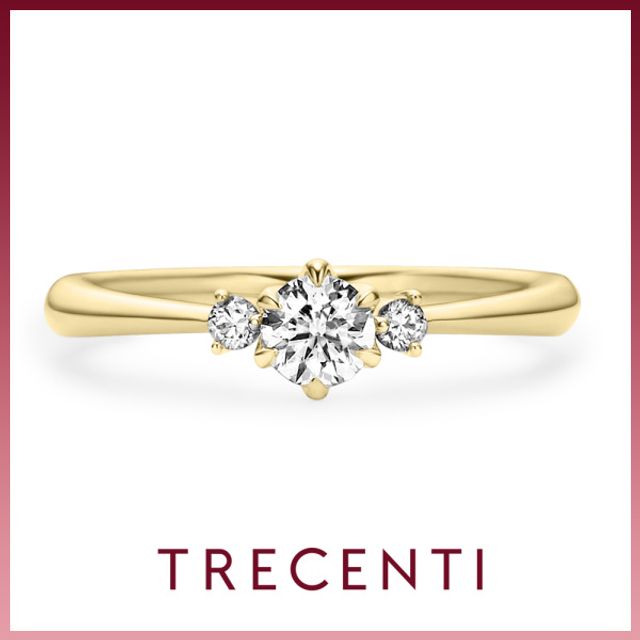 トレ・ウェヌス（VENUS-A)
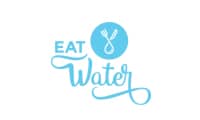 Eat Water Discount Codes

==

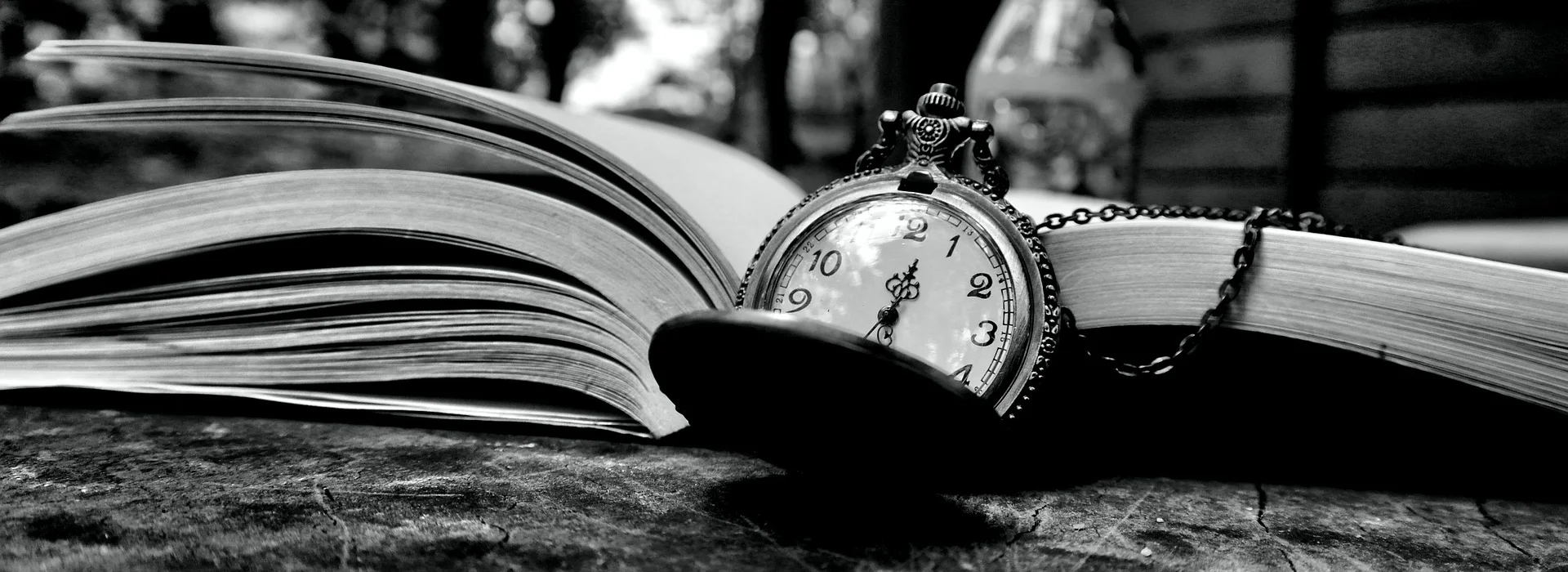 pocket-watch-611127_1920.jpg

---

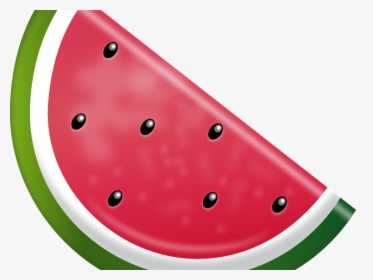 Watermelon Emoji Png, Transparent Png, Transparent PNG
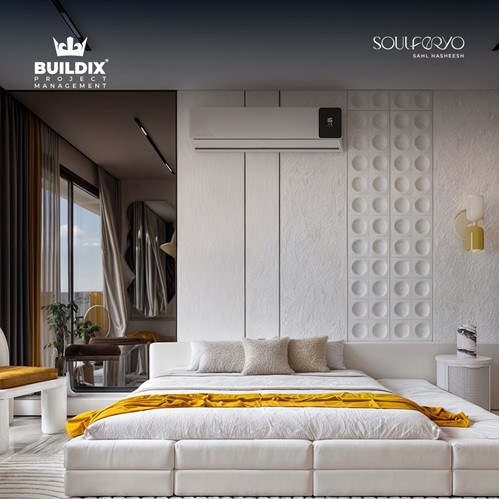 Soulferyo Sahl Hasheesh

- WHAT THE TASK REQUIRES
When you reach the line holding "Watermelon Emoji Png, Transparent" in the listing above, begin retyping exactly, and stop once the line holding "Soulferyo Sahl Hasheesh" is done; pictures stay out.

- OUTPUT FOR THIS TASK
 Watermelon Emoji Png, Transparent Png, Transparent PNG
 Soulferyo Sahl Hasheesh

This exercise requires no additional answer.